- Work instructions: The records below are to be reproduced exactly, and no picture should appear in the copy.

- Data for this exercise:

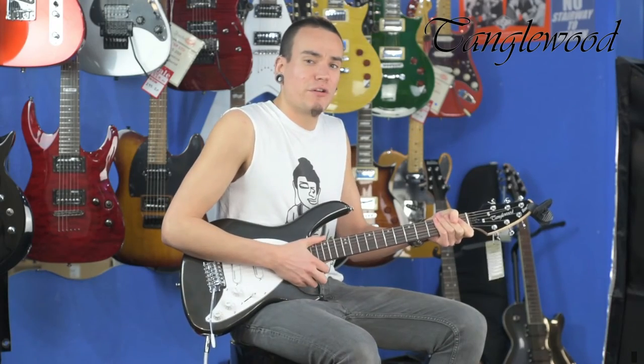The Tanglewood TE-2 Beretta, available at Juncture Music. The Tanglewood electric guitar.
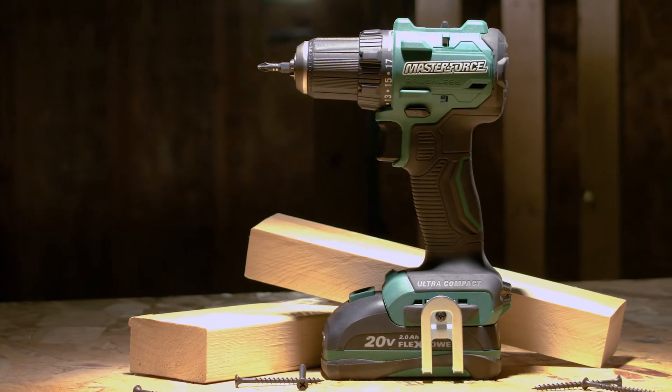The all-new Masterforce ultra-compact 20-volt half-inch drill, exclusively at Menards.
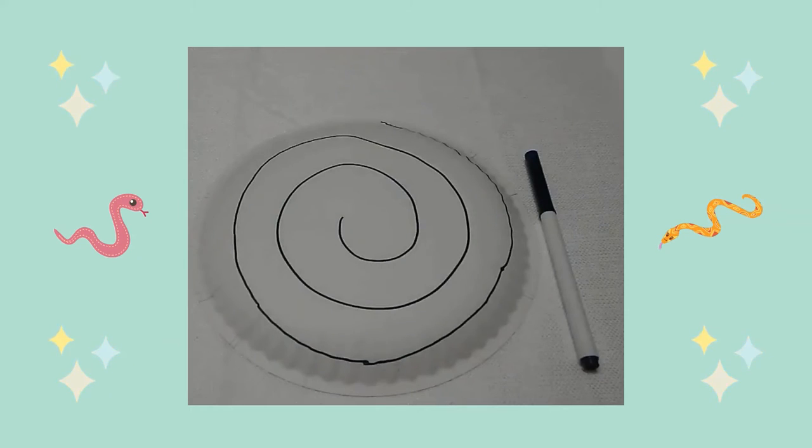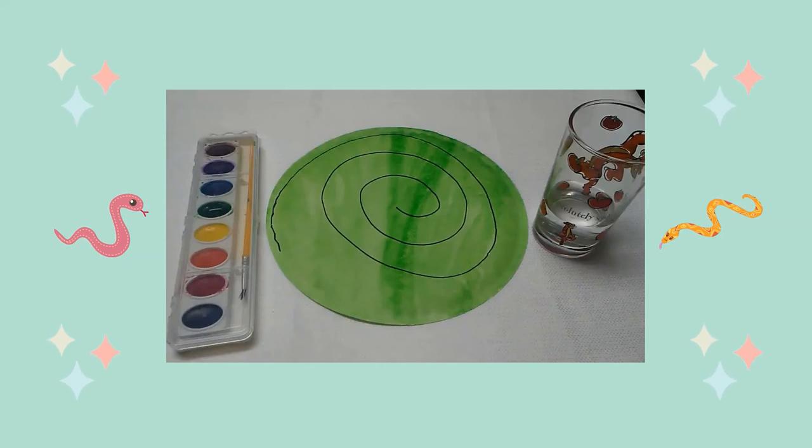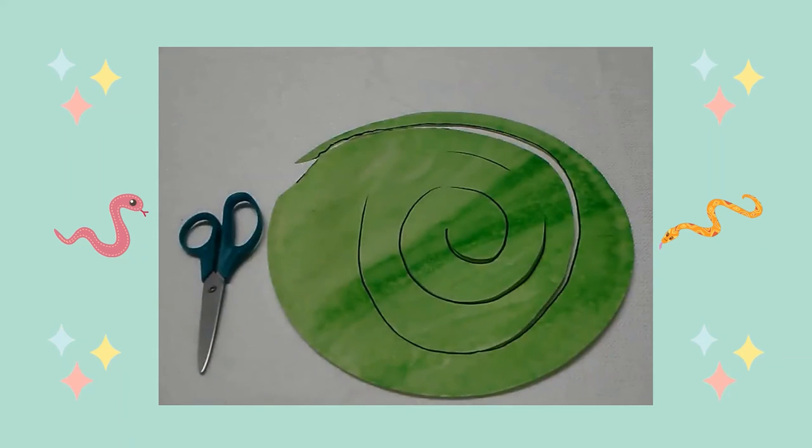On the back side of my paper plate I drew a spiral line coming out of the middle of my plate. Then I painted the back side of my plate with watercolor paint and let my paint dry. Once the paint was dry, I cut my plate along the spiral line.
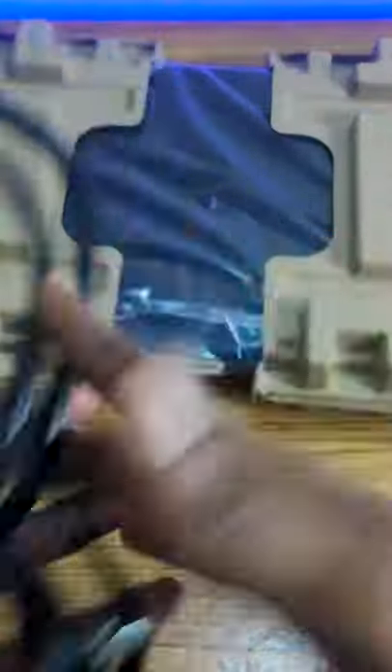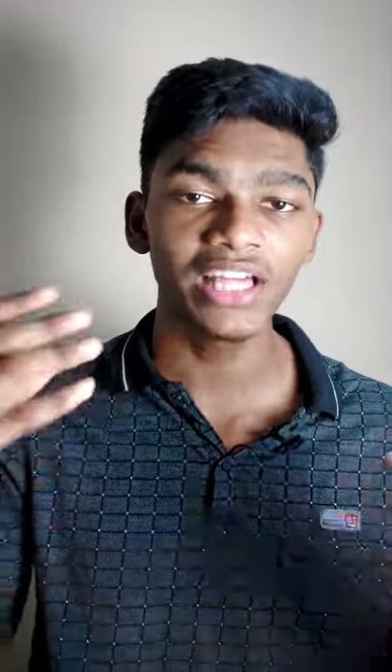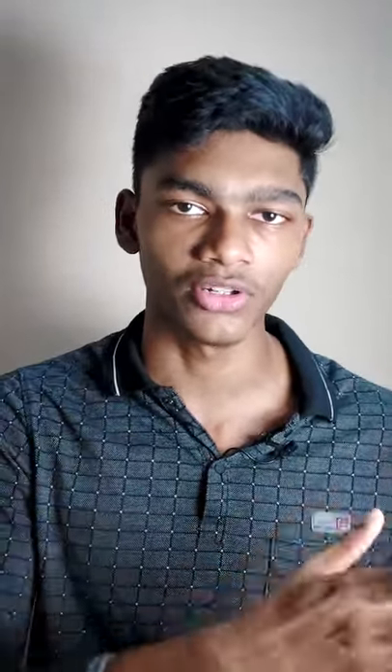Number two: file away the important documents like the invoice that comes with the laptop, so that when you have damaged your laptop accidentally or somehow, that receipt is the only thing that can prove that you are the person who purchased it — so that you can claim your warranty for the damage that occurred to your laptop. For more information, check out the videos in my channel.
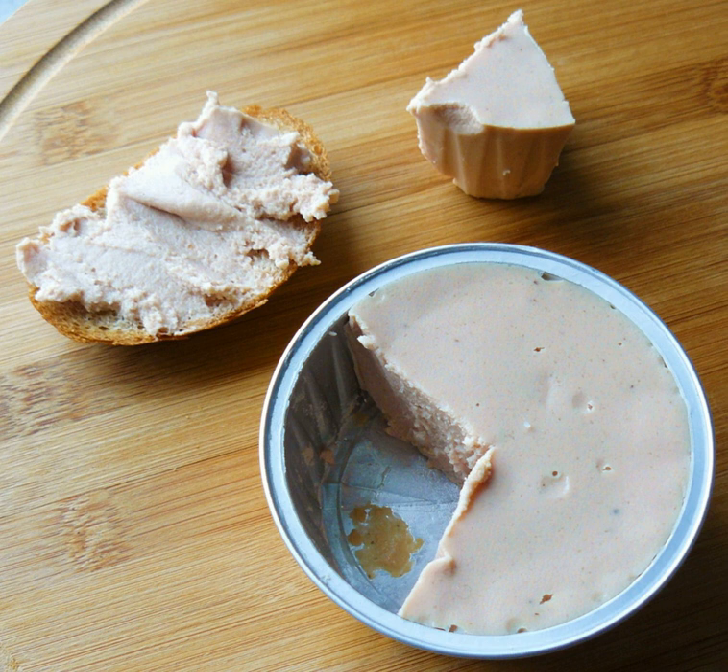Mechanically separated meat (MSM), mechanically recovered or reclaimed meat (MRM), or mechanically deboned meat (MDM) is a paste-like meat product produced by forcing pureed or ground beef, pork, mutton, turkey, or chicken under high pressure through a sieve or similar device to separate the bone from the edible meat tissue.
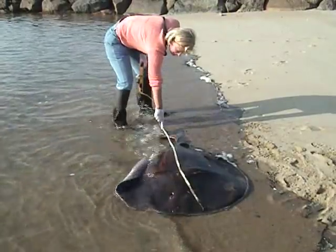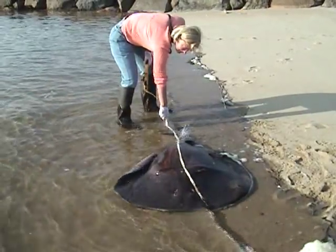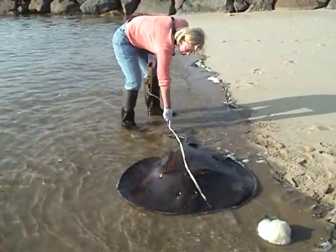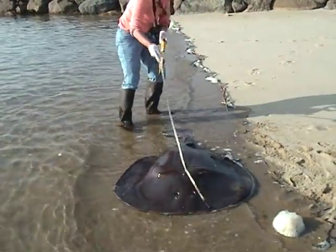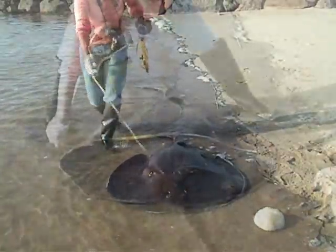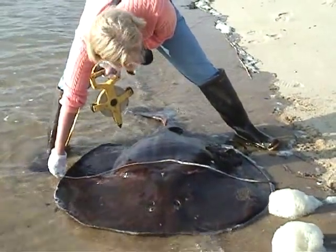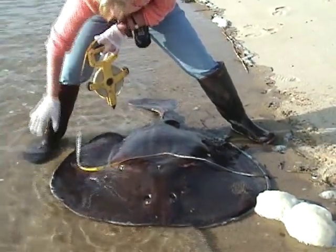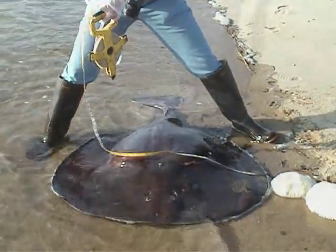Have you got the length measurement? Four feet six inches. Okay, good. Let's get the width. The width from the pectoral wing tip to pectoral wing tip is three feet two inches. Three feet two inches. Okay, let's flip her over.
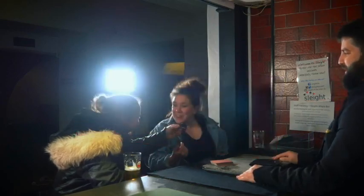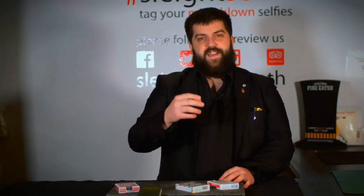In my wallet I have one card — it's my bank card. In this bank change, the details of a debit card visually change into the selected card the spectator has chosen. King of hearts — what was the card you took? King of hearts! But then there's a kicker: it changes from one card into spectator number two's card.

- Your response:
The Tanglewood TE-2 Beretta, available at Juncture Music. The Tanglewood electric guitar.
The all-new Masterforce ultra-compact 20-volt half-inch drill, exclusively at Menards.
On the back side of my paper plate I drew a spiral line coming out of the middle of my plate. Then I painted the back side of my plate with watercolor paint and let my paint dry. Once the paint was dry, I cut my plate along the spiral line.
Number two: file away the important documents like the invoice that comes with the laptop, so that when you have damaged your laptop accidentally or somehow, that receipt is the only thing that can prove that you are the person who purchased it — so that you can claim your warranty for the damage that occurred to your laptop. For more information, check out the videos in my channel.
Mechanically separated meat (MSM), mechanically recovered or reclaimed meat (MRM), or mechanically deboned meat (MDM) is a paste-like meat product produced by forcing pureed or ground beef, pork, mutton, turkey, or chicken under high pressure through a sieve or similar device to separate the bone from the edible meat tissue.
Have you got the length measurement? Four feet six inches. Okay, good. Let's get the width. The width from the pectoral wing tip to pectoral wing tip is three feet two inches. Three feet two inches. Okay, let's flip her over.
In my wallet I have one card — it's my bank card. In this bank change, the details of a debit card visually change into the selected card the spectator has chosen. King of hearts — what was the card you took? King of hearts! But then there's a kicker: it changes from one card into spectator number two's card.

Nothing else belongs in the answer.